I reviewed this blog post on how PyTorch treats tabular learners:

Assume X is your dataset and W is your weight matrix for one layer of the NN. (I’m going to use a simplified model here, with only one paramter vector and one sample vector, and ignore bias.) It looks to me like what is happening is categorical variables are being converted to an embedding, and that embedding is being added to X as a set of values.

For example, if we have a dataset with continuous variables age and years_of_education and categorical variable birth_month with values as follows:

age = 25

years_of_education = 4.3

birth_month = January

then the tabular api would create an embedding for each month. Suppose the embedding size is 2, so January is represented by [0.2 0.8]. The entire input vector X would be [25, 4.3, 0.2, 0,8]. (This is how I understand it working, but please correct me if I’m wrong.)

The learner would then create a vector W with weights [w1, w2, w3, w4] and (ignoring bias) do a dot product beween W and X. It would then apply a non-linearity, etc. until it got to the final output, and then backpropagate. This is a conventional fully-connected model.

In a conventional NN, only the W vector is updated. But we also need to update the embedding in X to make it more “Januaryish” since it is initialized with random numbers. So does the tabluar model also use backpropagation to update the embeddings in the X vector? Or do I completely misunderstand the model architecture?
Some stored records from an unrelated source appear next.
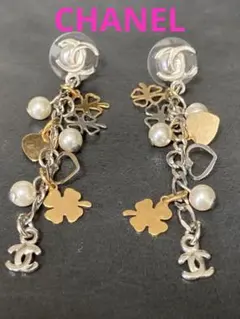 2025年最新】chanel ピアス クローバーの人気アイテム - メルカリ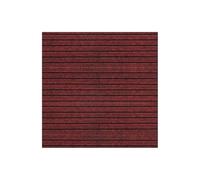 Moquette Lot de 10 ou 20 dalles moquette autocollantes carrées souples, faciles à installer(Black-red,30x30-10pcs)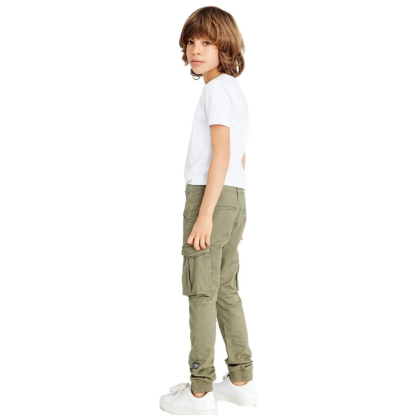 PANTALON CARGO VERDE - NAME IT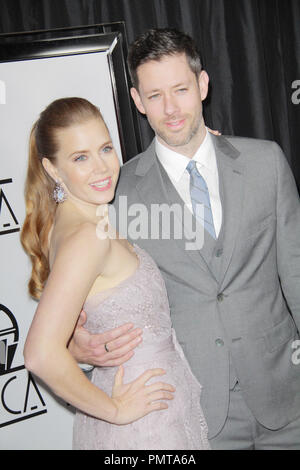 Amy Adams, Darren Le Gallo 01/12/2013 La 38e conférence annuelle de Los Angeles Film Critics Association Awards a tenu à l'hôtel InterContinental à Los Angeles, CA Photo par Izumi Hasegawa / HNW / PictureLux Banque D'Images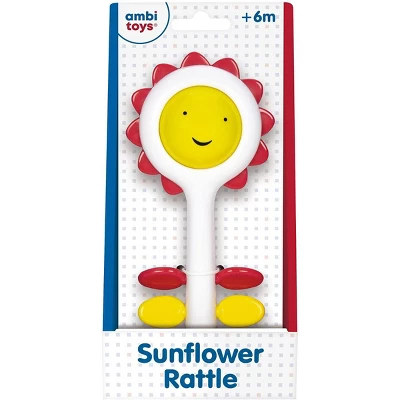 Ambi Sunflower Rattle 1 Ambi Sunflower Rattle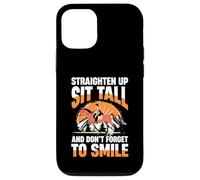 Raddrizzare Sit Tall Equitazione Custodia per iPhone 12/12 Pro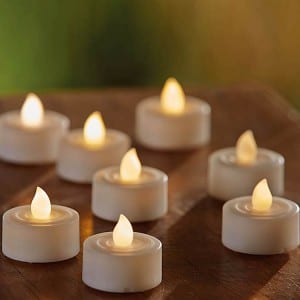 BO Tea Lights LED Candle Flickering for Indoor Use KF68019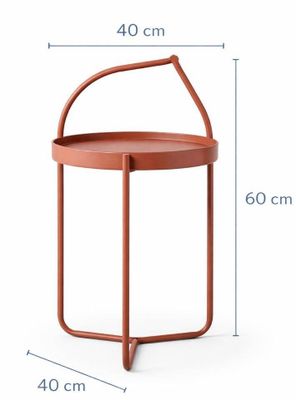 Une table d'appoint neuve, 40 cm par 40 cm par 60 cm. Poids : 6 kg, lo - Photo 1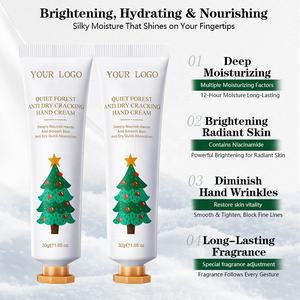Crème pour <span class=keywords><strong>les</strong></span> <span class=keywords><strong>mains</strong></span> blanchissante OEM pour Noël, lotion hydratante pour <span class=keywords><strong>les</strong></span> <span class=keywords><strong>mains</strong></span>, beauté enrichie en collagène, produits de soin de la peau avec logo personnalisé - Product Image 5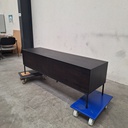 Grooves TV cupboard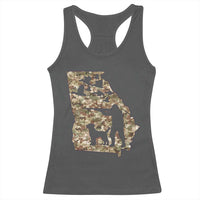 Georgia Duck Hunting Season Racerback Tank Top Labrador Retriever Hunter Gift - Wonder Print Shop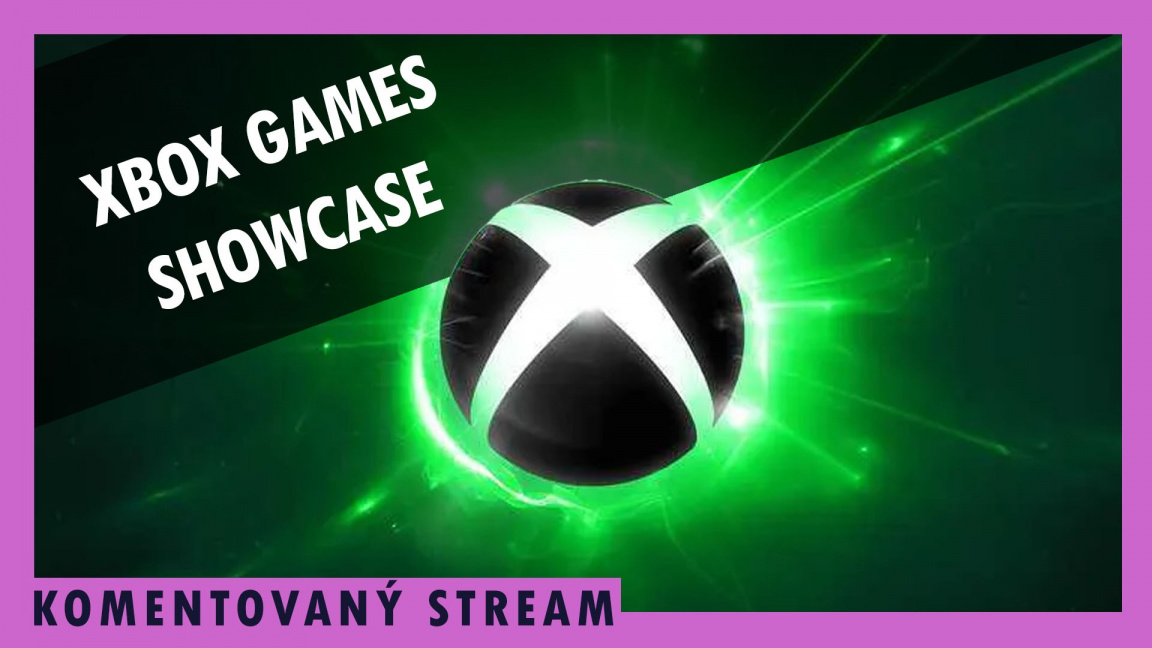 Sledujte s námi Xbox Games Showcase od 18:50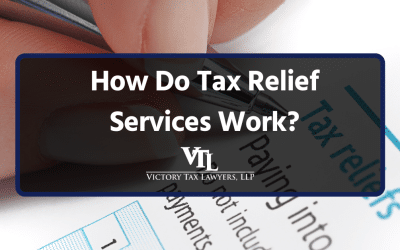 How Do Tax Relief Services Work?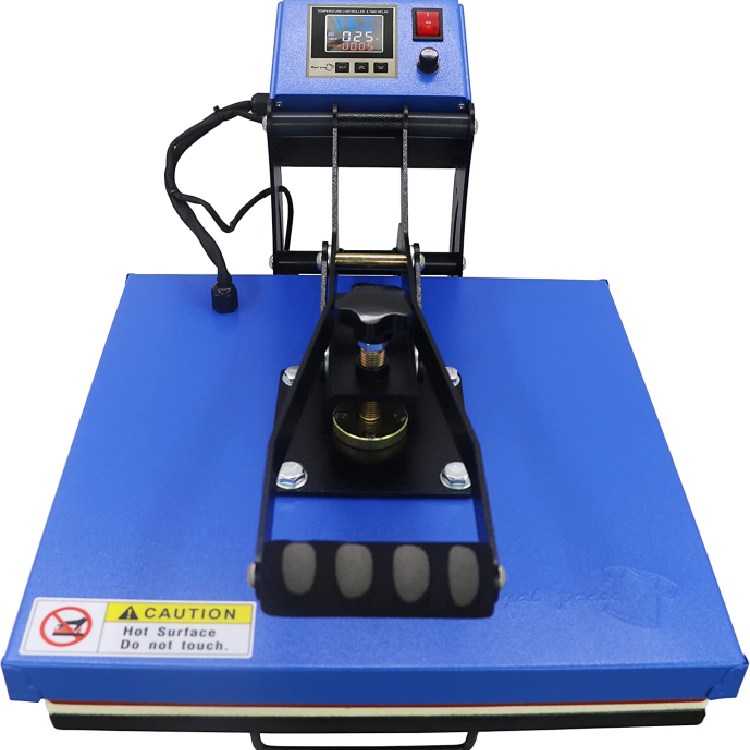 RoyalPress 15" x 15" Color LED Industrial Heat Press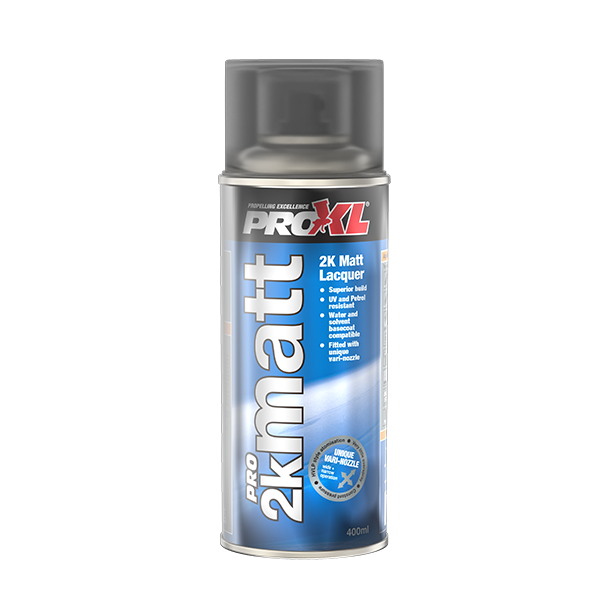 ProXL 2K Matte Lacquer 400ml aerosol spray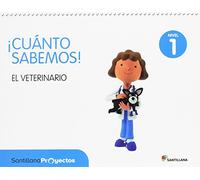 CUANTO SABEMOS NIVEL 1 EL VETERINARIO - 9788414104408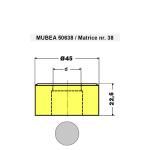 Matrice mubea 50638 ø21,2mm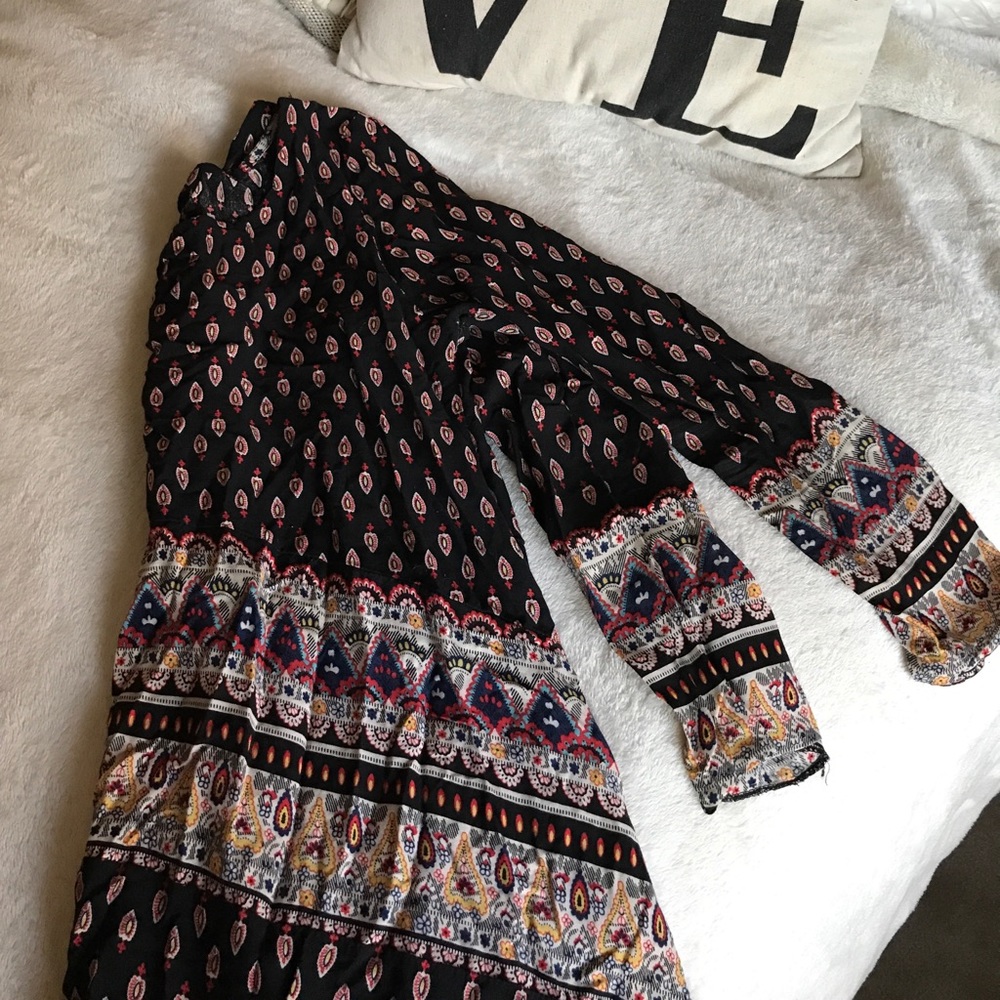 Multi-pattern Tunic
Not quite but close. Instead our embeddings are n+1 options. So if we have days of the month, our embedding vector for that variable is Jan, Feb, March… + nan to deal with ‘other’, or a 1x13 vector. We then dictate how large of a space we want for it’s weights and relationships, eg 13x600 (for example). Which is determined by the embedded size rule. Then we fill in our relationships as you said. So in actuality the ‘default’ would give us a matrix 13x5. To the rest, yes you are correct in how it is being updated.

So in your example of a 13 x 5 embedding matrix for month, each row represents the embedding vector for a month or “other”. In my January example, is it correct to say that the input vector (X) (after the concatenation of the categorical and continuous variables for a given sample) would include only the embeddings of January for that sample? And an input vector for a March sample would include only the third row? And then the algorithm would backpropagate and update the 13 x 5 embedding tensor?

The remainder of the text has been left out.